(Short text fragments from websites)
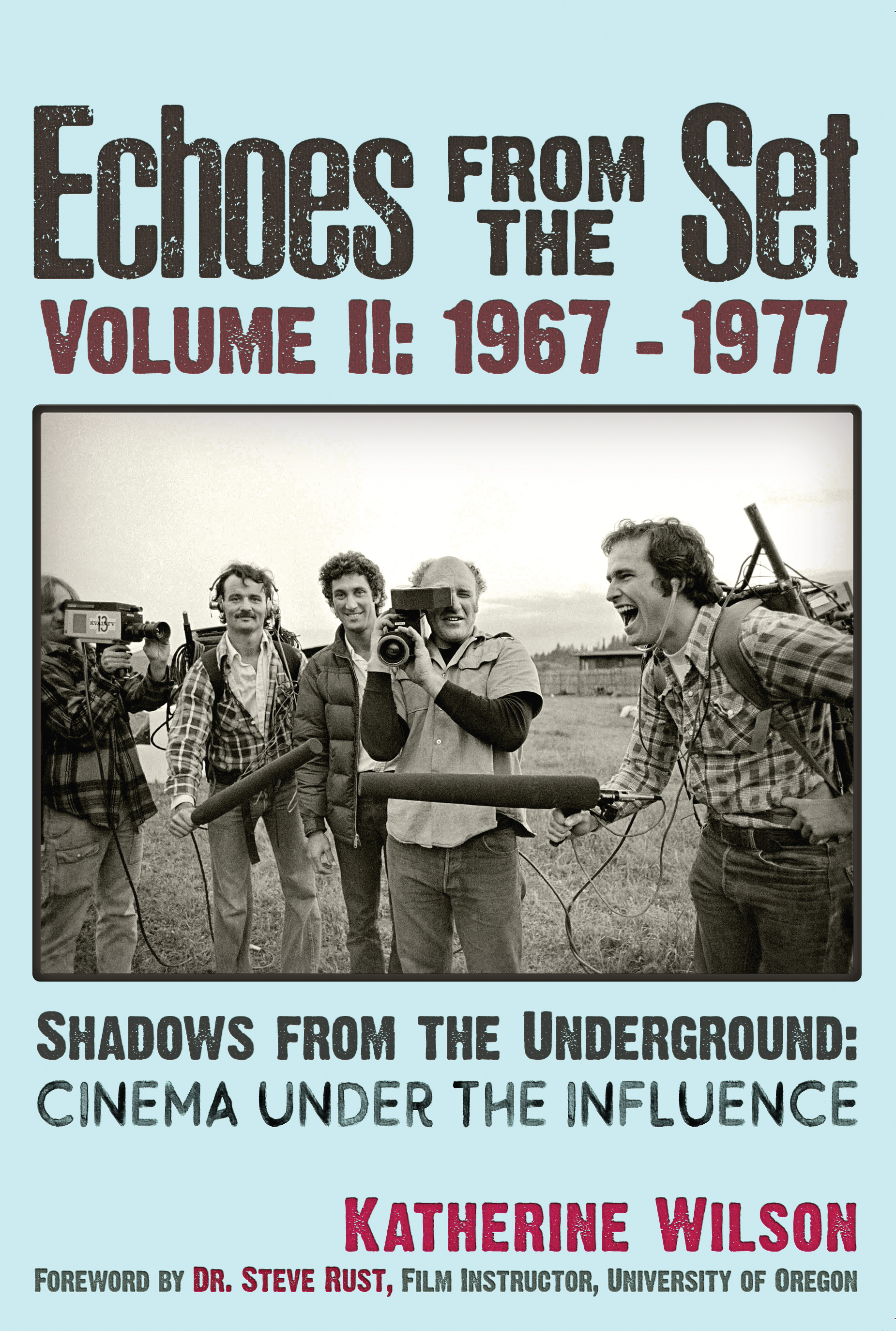 Cover image for Echoes From The Set Volume II (1967- 1977) Shadows From the Underground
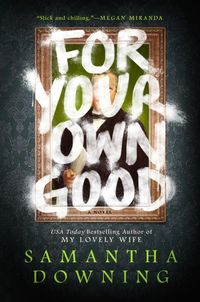 Produktbild: FOR YOUR OWN GOOD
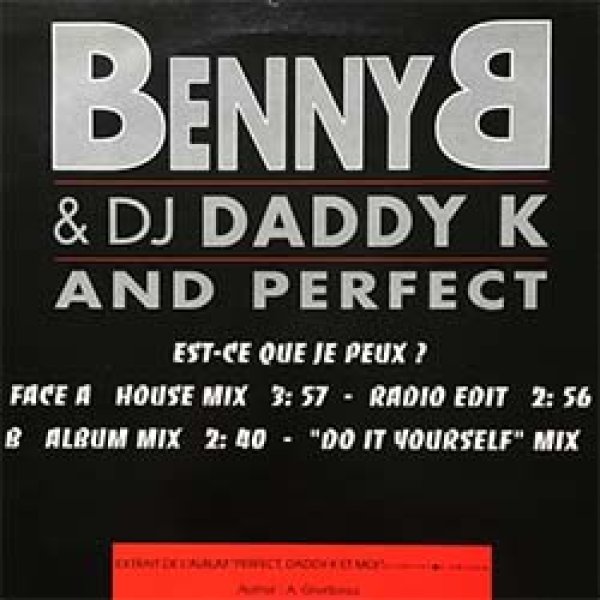 画像2: BENNY B & DJ DADDY K / EST-CE QUE JE PEUX (仏原盤/REMIX) [◎中古レア盤◎激レア！"AIN'T NO HALF STEPPIN"同ネタ！幻のフレンチRAP！] (2)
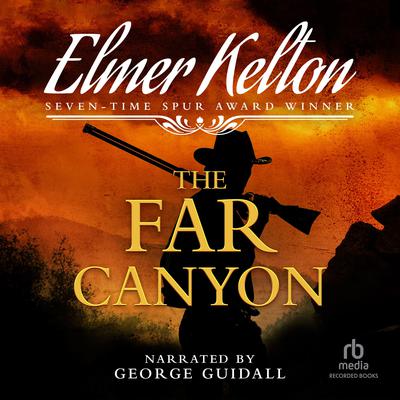 The Far Canyon Audiobook, by Elmer Kelton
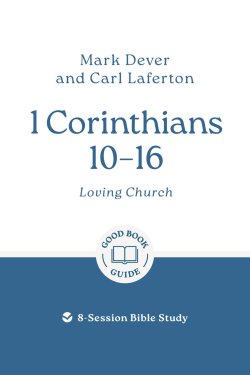 1 Corinthians 10 – 16: Loving Church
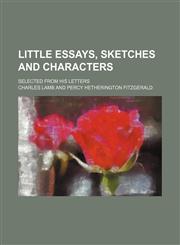 Little Essays, Sketches and Characters; Selected From His Letters,1150806834,9781150806834
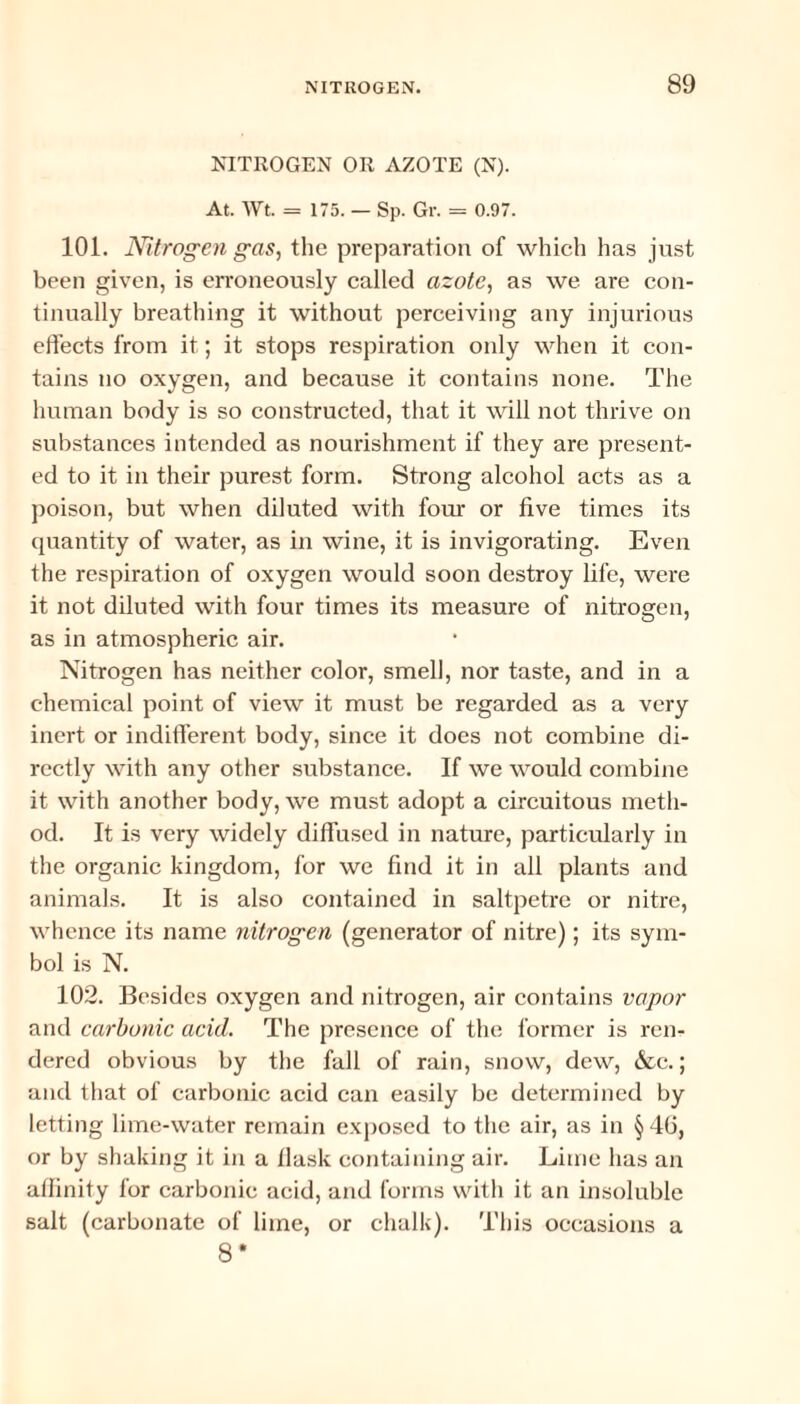 NITROGEN OR AZOTE (N). At. Wt. = 175. — Sp. Gr. = 0.97. 101. Nitrogen gas, the preparation of which has just been given, is erroneously called azote, as we are con¬ tinually breathing it without perceiving any injurious effects from it; it stops respiration only when it con¬ tains no oxygen, and because it contains none. The human body is so constructed, that it will not thrive on substances intended as nourishment if they are present¬ ed to it in their purest form. Strong alcohol acts as a poison, but when diluted with four or five times its quantity of water, as in wine, it is invigorating. Even the respiration of oxygen would soon destroy life, were it not diluted with four times its measure of nitrogen, as in atmospheric air. Nitrogen has neither color, smell, nor taste, and in a chemical point of view it must be regarded as a very inert or indifferent body, since it does not combine di¬ rectly with any other substance. If we would combine it with another body, we must adopt a circuitous meth¬ od. It is very widely diffused in nature, particularly in the organic kingdom, for we find it in all plants and animals. It is also contained in saltpetre or nitre, whence its name nitrogen (generator of nitre); its sym¬ bol is N. 102. Besides oxygen and nitrogen, air contains vapor and carbonic acid. The presence of the former is ren¬ dered obvious by the fall of rain, snow, dew, &c.; and that of carbonic acid can easily be determined by letting lime-water remain exposed to the air, as in §40, or by shaking it in a llask containing air. Lime has an affinity for carbonic acid, and forms with it an insoluble salt (carbonate of lime, or chalk). This occasions a 8*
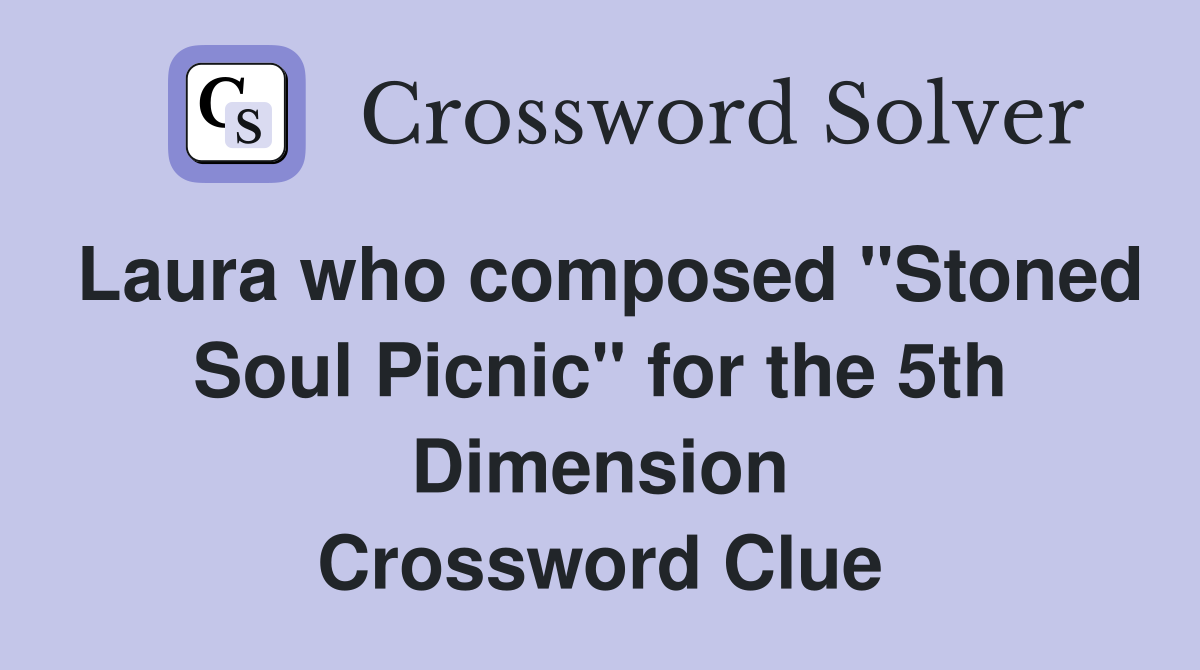 Laura who composed "Stoned Soul Picnic" for the 5th Dimension Crossword Clue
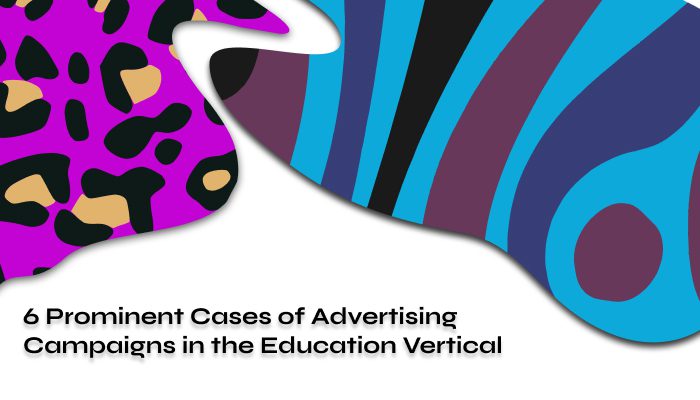6 Prominent Cases of Advertising Campaigns in the Education Vertical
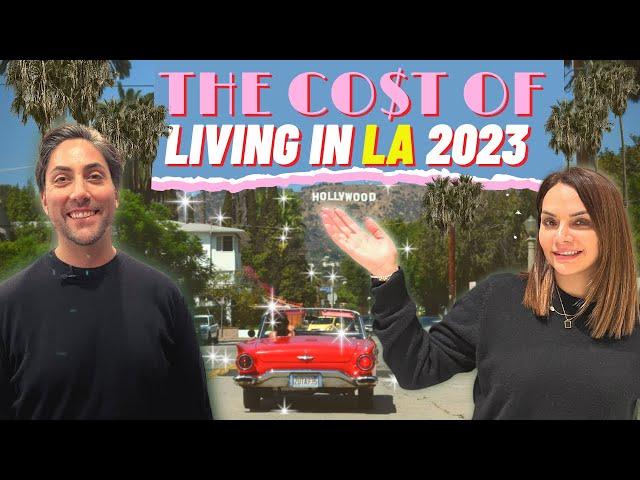 The Real Cost of Living in Los Angeles, in 2023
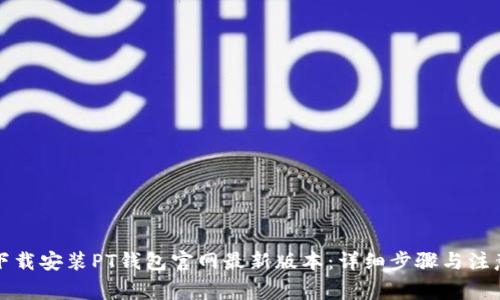 如何下载安装PT钱包官网最新版本：详细步骤与注意事项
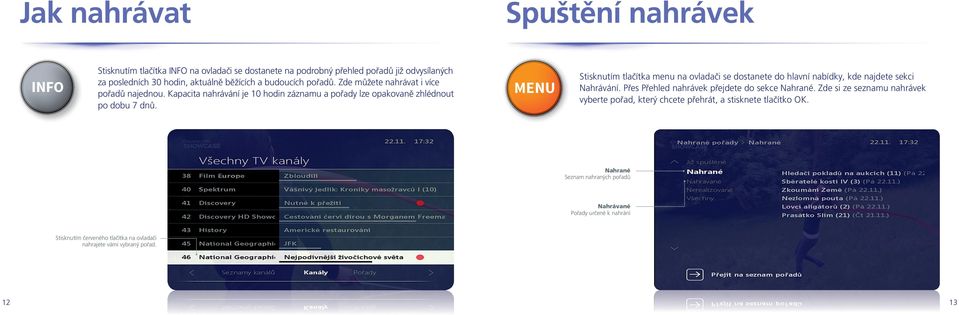 Stisknutím tlačítka menu na ovladači se dostanete do hlavní nabídky, kde najdete sekci Nahrávání. Přes Přehled nahrávek přejdete do sekce Nahrané.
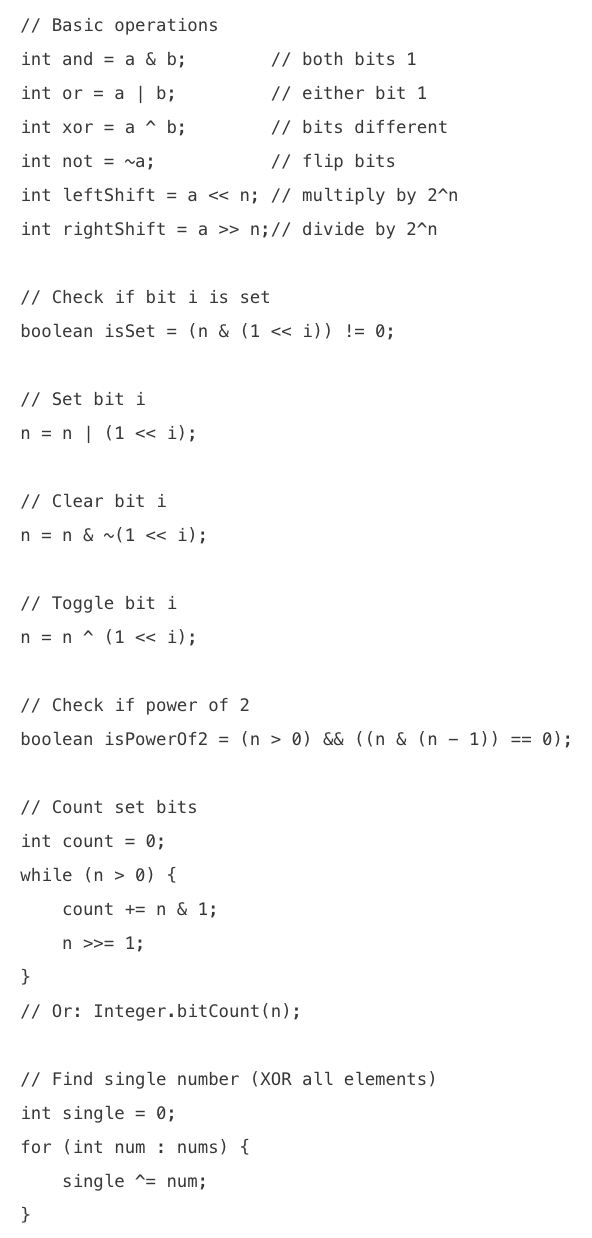 <ul><li><p>uses binary operations (AND, OR, XOP, NOT, shifts) to solve problems efficiently</p></li><li><p>when to use</p><ul><li><p>finding unique numbers (XOR)</p></li><li><p>checking power of 2</p></li><li><p>counting bits</p></li><li><p>generating subsets using bit masks</p></li><li><p>space optimization</p></li></ul></li></ul><p></p>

# [Exercise prompt]
Restate the records above exactly, less any pictures.

# [Result of this task]
 Cover image for Echoes From The Set Volume II (1967- 1977) Shadows From the Underground
 Produktbild: FOR YOUR OWN GOOD
 画像2: BENNY B & DJ DADDY K / EST-CE QUE JE PEUX (仏原盤/REMIX) [◎中古レア盤◎激レア！"AIN'T NO HALF STEPPIN"同ネタ！幻のフレンチRAP！] (2)
 The Far Canyon Audiobook, by Elmer Kelton
 1 Corinthians 10 – 16: Loving Church
 Little Essays, Sketches and Characters; Selected From His Letters,1150806834,9781150806834
 NITROGEN OR AZOTE (N). At. Wt. = 175. — Sp. Gr. = 0.97. 101. Nitrogen gas, the preparation of which has just been given, is erroneously called azote, as we are con¬ tinually breathing it without perceiving any injurious effects from it; it stops respiration only when it con¬ tains no oxygen, and because it contains none. The human body is so constructed, that it will not thrive on substances intended as nourishment if they are present¬ ed to it in their purest form. Strong alcohol acts as a poison, but when diluted with four or five times its quantity of water, as in wine, it is invigorating. Even the respiration of oxygen would soon destroy life, were it not diluted with four times its measure of nitrogen, as in atmospheric air. Nitrogen has neither color, smell, nor taste, and in a chemical point of view it must be regarded as a very inert or indifferent body, since it does not combine di¬ rectly with any other substance. If we would combine it with another body, we must adopt a circuitous meth¬ od. It is very widely diffused in nature, particularly in the organic kingdom, for we find it in all plants and animals. It is also contained in saltpetre or nitre, whence its name nitrogen (generator of nitre); its sym¬ bol is N. 102. Besides oxygen and nitrogen, air contains vapor and carbonic acid. The presence of the former is ren¬ dered obvious by the fall of rain, snow, dew, &c.; and that of carbonic acid can easily be determined by letting lime-water remain exposed to the air, as in §40, or by shaking it in a llask containing air. Lime has an affinity for carbonic acid, and forms with it an insoluble salt (carbonate of lime, or chalk). This occasions a 8*
 Laura who composed "Stoned Soul Picnic" for the 5th Dimension Crossword Clue
6 Prominent Cases of Advertising Campaigns in the Education Vertical
 The Real Cost of Living in Los Angeles, in 2023
 如何下载安装PT钱包官网最新版本：详细步骤与注意事项
 Stisknutím tlačítka menu na ovladači se dostanete do hlavní nabídky, kde najdete sekci Nahrávání. Přes Přehled nahrávek přejdete do sekce Nahrané.
 <ul><li><p>uses binary operations (AND, OR, XOP, NOT, shifts) to solve problems efficiently</p></li><li><p>when to use</p><ul><li><p>finding unique numbers (XOR)</p></li><li><p>checking power of 2</p></li><li><p>counting bits</p></li><li><p>generating subsets using bit masks</p></li><li><p>space optimization</p></li></ul></li></ul><p></p>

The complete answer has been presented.